While working to improve the performance of a particular query (for generating a specific report – “Report A”), a very interesting discovery was made.  The query began by joining a pair of tables into a single temporary table, and then accessing that table numerous times.  The decision was made to remove the temporary table and replace it with an Indexed View to improve performance.  As expected, there was a small improvement (about 5%).

The interesting part is that other report queries were suddenly also more performant!

Query

Original SQL Duration

New SQL Duration

Improvement

Report B

62.33 sec.

51.73 sec.

17.01 %

Report C

19.20 sec.

10.11 sec.

47.34 %

Report D

30.94 sec.

12.48 sec.

59.66 %

Apparently, SQL Server is intelligent enough to detect when any query would benefit from using an existing Indexed View, and will use it automatically.  According to Microsoft Technet (https://technet.microsoft.com/en-us/library/ms181151(v=sql.105).aspx):

A query does not have to explicitly reference an indexed view in the FROM clause for the query optimizer to use the indexed view. If the query contains references to columns in the base tables that are also present in the indexed view, and the query optimizer estimates that using the indexed view provides the lowest cost access mechanism, the query optimizer chooses the indexed view, similar to the way it chooses base table indexes when they are not directly referenced in a query.

Even if the Indexed View contains additional columns, if the SQL Server optimizer determines that using the Indexed View will give better performance, it will use it.

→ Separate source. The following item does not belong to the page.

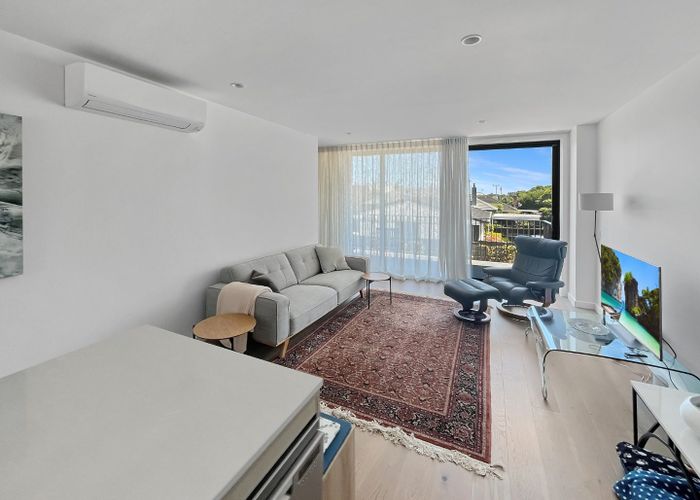  at 2/245 Kepa Road, Mission Bay, Auckland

As a final note, there will be times when the SQL Server optimizer makes a poor choice (such as using an Indexed View that it shouldn’t use).  In these instances, it will be important for developers (or DBA’s) to forcibly override the optimizer’s decisions.  This can be done with the EXPAND VIEWS query hint (to prevent an Indexed View from being used).  As with other potential optimizations (such as creating column indexes), it is never a black or white decision.  In the case of indexed views, performance of read operations will generally improve as there are fewer joins on the database.  The downside is that write operations become more expensive as the data needs to be updated in both the initial table as well as the indexed view.  So developers should always take time to run analysis (using a query analyzer / plan optimizer) on the schema with representative data to help determine if an indexed view (or any other potential optimization) makes sense for their particular scenario.